Exercise directions: Locate the line bearing "40 colores Paleta" in the material below, then reproduce it and each following line up to and including the line bearing "Скриншоты Fatigue Life Calculation S-N Curve".
★ ★ ★
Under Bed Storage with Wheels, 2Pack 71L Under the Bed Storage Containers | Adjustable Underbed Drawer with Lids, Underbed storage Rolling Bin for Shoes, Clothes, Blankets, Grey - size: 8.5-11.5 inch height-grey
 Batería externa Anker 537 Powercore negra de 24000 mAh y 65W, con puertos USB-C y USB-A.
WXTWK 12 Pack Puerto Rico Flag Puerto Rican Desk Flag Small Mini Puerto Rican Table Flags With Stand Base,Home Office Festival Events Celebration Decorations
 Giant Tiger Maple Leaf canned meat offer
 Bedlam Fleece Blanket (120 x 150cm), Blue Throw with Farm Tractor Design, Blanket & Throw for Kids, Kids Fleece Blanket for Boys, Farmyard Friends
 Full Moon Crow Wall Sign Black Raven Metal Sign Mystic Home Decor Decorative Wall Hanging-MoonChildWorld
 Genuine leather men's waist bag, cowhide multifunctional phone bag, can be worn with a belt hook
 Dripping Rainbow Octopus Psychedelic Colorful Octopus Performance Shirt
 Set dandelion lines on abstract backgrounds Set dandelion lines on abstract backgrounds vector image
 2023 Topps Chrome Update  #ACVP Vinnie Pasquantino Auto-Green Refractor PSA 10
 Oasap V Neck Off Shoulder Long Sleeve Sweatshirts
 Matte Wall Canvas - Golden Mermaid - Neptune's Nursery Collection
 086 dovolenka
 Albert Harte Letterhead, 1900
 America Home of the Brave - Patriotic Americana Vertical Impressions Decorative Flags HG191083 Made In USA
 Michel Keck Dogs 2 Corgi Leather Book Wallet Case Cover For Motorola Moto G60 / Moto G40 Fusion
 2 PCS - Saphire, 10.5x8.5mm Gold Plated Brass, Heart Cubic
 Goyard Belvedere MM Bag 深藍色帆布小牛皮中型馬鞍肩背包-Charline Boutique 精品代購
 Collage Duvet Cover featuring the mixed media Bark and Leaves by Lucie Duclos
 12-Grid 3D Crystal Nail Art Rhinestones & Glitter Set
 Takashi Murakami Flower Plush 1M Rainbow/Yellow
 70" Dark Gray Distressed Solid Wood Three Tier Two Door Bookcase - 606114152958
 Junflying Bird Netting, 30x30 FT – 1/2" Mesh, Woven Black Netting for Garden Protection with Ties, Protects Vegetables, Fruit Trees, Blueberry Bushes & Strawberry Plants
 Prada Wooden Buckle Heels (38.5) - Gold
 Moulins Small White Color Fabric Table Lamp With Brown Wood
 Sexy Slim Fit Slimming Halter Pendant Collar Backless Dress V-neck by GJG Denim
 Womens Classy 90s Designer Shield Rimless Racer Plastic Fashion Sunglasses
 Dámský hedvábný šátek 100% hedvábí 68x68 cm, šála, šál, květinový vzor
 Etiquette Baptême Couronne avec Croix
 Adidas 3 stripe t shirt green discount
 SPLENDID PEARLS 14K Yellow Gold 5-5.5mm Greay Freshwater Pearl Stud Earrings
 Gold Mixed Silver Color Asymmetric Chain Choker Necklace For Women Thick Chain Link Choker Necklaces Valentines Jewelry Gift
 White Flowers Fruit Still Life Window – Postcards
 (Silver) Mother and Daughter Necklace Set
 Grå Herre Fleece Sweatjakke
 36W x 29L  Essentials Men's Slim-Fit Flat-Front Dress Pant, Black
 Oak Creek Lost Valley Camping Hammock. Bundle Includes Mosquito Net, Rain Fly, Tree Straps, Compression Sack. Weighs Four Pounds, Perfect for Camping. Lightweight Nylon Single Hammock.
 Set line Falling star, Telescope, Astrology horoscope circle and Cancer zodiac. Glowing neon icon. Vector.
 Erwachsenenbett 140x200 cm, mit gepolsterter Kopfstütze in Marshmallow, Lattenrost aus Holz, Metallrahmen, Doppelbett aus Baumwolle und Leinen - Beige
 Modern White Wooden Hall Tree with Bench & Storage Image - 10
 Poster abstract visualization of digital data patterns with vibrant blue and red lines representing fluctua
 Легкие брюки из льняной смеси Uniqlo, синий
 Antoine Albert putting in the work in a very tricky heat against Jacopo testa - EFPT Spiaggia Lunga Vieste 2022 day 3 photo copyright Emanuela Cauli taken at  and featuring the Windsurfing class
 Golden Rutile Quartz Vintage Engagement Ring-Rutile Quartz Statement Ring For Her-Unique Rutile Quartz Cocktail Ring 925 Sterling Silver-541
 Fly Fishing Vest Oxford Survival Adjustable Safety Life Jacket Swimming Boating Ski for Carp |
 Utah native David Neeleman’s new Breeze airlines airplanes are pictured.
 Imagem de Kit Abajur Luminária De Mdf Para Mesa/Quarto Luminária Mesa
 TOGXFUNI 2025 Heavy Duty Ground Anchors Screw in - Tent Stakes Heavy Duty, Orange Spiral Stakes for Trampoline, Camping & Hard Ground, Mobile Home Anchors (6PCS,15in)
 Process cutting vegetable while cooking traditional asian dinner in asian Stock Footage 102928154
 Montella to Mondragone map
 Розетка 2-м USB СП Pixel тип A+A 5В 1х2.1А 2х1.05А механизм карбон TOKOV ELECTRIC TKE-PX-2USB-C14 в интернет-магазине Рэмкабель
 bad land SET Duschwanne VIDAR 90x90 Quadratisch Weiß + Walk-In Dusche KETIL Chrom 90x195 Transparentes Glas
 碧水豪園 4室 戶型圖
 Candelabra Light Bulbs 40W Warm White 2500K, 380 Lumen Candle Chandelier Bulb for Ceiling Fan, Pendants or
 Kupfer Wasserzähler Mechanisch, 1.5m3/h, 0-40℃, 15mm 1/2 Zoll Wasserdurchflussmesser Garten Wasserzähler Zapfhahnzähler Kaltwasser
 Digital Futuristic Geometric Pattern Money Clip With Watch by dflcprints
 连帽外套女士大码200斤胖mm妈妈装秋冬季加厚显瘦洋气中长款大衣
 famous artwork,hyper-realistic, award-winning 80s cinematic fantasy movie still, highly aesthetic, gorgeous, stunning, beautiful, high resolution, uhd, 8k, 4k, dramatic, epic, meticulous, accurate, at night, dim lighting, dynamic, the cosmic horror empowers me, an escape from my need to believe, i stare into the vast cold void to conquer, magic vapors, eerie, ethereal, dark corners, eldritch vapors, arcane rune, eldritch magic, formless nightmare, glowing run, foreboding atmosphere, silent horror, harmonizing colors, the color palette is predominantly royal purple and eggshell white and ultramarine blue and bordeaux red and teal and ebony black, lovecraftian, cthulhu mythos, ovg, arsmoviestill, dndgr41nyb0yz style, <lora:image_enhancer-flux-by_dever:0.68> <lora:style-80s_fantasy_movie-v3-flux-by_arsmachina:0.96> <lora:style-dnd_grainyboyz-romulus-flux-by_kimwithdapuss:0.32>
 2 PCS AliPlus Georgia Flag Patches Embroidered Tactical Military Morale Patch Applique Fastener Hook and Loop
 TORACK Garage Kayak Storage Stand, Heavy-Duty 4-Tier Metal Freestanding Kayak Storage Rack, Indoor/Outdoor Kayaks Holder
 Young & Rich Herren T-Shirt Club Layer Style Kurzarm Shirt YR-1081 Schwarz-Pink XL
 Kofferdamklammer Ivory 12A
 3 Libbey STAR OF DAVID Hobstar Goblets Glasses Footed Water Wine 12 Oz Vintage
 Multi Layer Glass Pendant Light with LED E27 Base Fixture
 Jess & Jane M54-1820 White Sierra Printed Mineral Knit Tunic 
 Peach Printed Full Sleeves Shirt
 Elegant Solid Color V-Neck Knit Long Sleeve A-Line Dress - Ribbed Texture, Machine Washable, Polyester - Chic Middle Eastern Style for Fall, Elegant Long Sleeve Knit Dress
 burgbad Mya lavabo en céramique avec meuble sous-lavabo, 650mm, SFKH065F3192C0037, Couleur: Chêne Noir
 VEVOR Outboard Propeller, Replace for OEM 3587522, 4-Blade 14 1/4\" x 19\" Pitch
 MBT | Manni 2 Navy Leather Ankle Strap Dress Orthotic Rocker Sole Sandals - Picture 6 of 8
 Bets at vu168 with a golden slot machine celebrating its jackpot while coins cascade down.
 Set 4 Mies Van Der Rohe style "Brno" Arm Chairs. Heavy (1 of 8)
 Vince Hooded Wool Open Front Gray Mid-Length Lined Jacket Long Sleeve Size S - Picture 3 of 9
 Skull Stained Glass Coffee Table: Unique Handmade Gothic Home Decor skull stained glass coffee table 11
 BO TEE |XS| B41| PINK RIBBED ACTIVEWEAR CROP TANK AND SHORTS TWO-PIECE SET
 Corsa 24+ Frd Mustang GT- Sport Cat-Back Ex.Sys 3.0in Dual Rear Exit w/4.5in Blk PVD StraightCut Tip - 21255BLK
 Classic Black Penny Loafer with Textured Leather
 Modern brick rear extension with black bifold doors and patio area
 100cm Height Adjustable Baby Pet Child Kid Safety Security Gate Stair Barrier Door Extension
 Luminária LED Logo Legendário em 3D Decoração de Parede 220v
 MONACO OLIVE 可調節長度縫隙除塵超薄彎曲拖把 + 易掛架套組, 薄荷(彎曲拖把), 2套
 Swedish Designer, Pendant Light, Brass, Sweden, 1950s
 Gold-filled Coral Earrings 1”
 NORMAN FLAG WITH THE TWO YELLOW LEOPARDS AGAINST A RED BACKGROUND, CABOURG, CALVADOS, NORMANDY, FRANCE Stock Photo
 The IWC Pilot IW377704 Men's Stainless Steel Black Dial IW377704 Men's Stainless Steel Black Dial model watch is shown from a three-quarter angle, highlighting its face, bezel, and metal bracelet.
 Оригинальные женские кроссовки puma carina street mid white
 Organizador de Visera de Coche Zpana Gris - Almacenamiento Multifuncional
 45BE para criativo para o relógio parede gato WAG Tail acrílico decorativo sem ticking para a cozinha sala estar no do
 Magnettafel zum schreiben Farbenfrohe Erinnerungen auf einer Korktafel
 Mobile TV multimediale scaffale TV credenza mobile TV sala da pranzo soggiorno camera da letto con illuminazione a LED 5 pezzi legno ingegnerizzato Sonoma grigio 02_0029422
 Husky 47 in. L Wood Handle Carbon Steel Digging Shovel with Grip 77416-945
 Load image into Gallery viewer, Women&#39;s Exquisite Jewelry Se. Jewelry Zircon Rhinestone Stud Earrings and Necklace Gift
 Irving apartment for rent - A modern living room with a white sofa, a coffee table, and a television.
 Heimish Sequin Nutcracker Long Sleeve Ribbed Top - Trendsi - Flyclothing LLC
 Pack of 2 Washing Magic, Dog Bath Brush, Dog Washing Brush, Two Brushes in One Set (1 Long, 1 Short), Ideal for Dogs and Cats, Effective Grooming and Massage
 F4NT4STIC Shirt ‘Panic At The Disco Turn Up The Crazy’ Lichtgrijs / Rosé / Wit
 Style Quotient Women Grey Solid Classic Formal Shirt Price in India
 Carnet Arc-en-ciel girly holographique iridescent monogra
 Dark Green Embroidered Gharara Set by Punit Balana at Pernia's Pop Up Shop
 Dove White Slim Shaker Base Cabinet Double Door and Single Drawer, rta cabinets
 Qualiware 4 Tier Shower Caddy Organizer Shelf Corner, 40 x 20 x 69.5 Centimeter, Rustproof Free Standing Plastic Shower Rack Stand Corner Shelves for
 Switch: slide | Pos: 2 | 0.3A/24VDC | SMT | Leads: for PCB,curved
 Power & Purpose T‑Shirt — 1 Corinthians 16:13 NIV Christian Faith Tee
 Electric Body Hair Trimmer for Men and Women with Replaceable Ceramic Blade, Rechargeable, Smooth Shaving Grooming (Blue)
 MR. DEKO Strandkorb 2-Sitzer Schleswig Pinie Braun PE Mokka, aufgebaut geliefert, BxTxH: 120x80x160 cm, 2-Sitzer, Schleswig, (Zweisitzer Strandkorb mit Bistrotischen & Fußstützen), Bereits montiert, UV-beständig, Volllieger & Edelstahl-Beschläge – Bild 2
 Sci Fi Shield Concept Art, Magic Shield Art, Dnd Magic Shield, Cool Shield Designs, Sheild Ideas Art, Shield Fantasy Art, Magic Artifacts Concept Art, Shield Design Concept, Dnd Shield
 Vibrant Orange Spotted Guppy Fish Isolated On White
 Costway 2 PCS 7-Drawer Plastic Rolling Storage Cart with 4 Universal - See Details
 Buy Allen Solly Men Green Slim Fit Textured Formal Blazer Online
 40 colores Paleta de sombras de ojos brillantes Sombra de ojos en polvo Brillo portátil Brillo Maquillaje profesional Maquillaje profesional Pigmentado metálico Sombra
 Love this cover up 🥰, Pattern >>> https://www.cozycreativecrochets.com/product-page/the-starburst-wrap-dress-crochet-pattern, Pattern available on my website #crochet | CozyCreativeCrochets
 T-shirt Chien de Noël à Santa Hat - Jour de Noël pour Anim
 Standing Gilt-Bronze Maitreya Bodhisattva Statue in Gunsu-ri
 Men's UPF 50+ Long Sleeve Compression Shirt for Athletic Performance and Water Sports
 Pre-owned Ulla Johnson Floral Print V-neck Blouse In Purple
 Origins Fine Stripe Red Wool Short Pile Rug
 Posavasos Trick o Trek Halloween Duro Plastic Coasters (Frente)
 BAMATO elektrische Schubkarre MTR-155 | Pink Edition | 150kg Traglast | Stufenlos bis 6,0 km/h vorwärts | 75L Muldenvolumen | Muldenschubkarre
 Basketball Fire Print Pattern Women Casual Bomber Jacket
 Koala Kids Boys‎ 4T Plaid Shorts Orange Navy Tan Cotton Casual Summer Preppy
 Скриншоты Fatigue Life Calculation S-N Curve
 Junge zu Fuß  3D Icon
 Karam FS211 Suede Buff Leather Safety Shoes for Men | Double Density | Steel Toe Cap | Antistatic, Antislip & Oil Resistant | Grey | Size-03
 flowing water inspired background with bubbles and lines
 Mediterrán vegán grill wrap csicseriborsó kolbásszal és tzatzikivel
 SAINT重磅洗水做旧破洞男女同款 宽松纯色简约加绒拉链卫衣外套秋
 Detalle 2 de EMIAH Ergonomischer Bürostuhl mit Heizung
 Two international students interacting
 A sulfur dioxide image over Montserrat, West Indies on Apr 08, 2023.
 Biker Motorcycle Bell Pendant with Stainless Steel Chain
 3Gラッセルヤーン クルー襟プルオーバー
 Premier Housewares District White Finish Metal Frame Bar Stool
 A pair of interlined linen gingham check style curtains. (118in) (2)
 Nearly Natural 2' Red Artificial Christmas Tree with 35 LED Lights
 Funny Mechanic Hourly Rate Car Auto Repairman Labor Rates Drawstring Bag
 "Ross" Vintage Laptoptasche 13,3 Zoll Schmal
★ ★ ★
Problem solution:
 40 colores Paleta de sombras de ojos brillantes Sombra de ojos en polvo Brillo portátil Brillo Maquillaje profesional Maquillaje profesional Pigmentado metálico Sombra
 Love this cover up 🥰, Pattern >>> https://www.cozycreativecrochets.com/product-page/the-starburst-wrap-dress-crochet-pattern, Pattern available on my website #crochet | CozyCreativeCrochets
 T-shirt Chien de Noël à Santa Hat - Jour de Noël pour Anim
 Standing Gilt-Bronze Maitreya Bodhisattva Statue in Gunsu-ri
 Men's UPF 50+ Long Sleeve Compression Shirt for Athletic Performance and Water Sports
 Pre-owned Ulla Johnson Floral Print V-neck Blouse In Purple
 Origins Fine Stripe Red Wool Short Pile Rug
 Posavasos Trick o Trek Halloween Duro Plastic Coasters (Frente)
 BAMATO elektrische Schubkarre MTR-155 | Pink Edition | 150kg Traglast | Stufenlos bis 6,0 km/h vorwärts | 75L Muldenvolumen | Muldenschubkarre
 Basketball Fire Print Pattern Women Casual Bomber Jacket
 Koala Kids Boys‎ 4T Plaid Shorts Orange Navy Tan Cotton Casual Summer Preppy
 Скриншоты Fatigue Life Calculation S-N Curve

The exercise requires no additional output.